Copy the data precisely, character for character, and leave out every picture.

━━ DATA FOR PROCESSING ━━

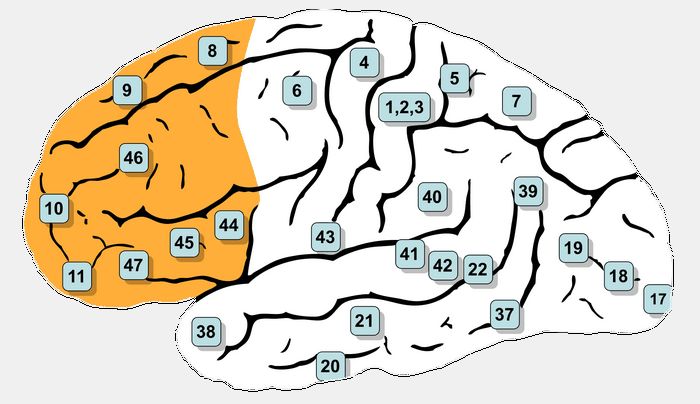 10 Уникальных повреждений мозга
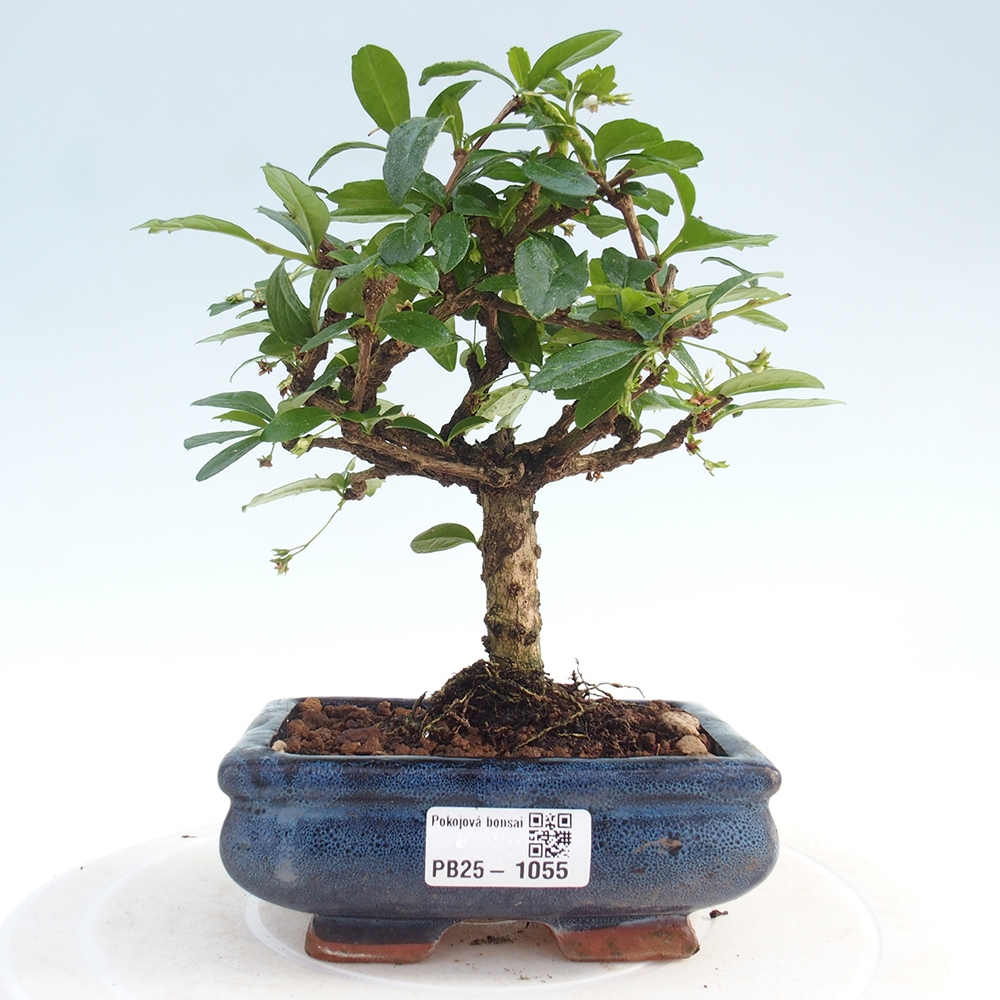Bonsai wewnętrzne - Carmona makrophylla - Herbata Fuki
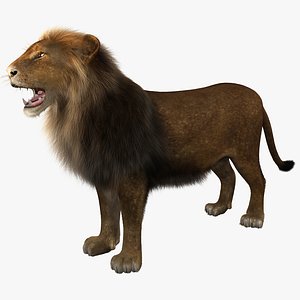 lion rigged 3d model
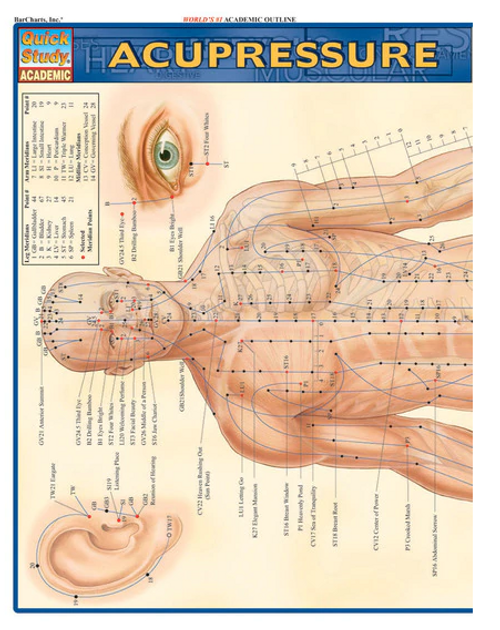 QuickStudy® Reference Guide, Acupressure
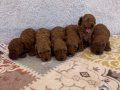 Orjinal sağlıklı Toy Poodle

━━━

ANSWER FOR THE TASK:
 10 Уникальных повреждений мозга
Bonsai wewnętrzne - Carmona makrophylla - Herbata Fuki
 lion rigged 3d model
 QuickStudy® Reference Guide, Acupressure
 Orjinal sağlıklı Toy Poodle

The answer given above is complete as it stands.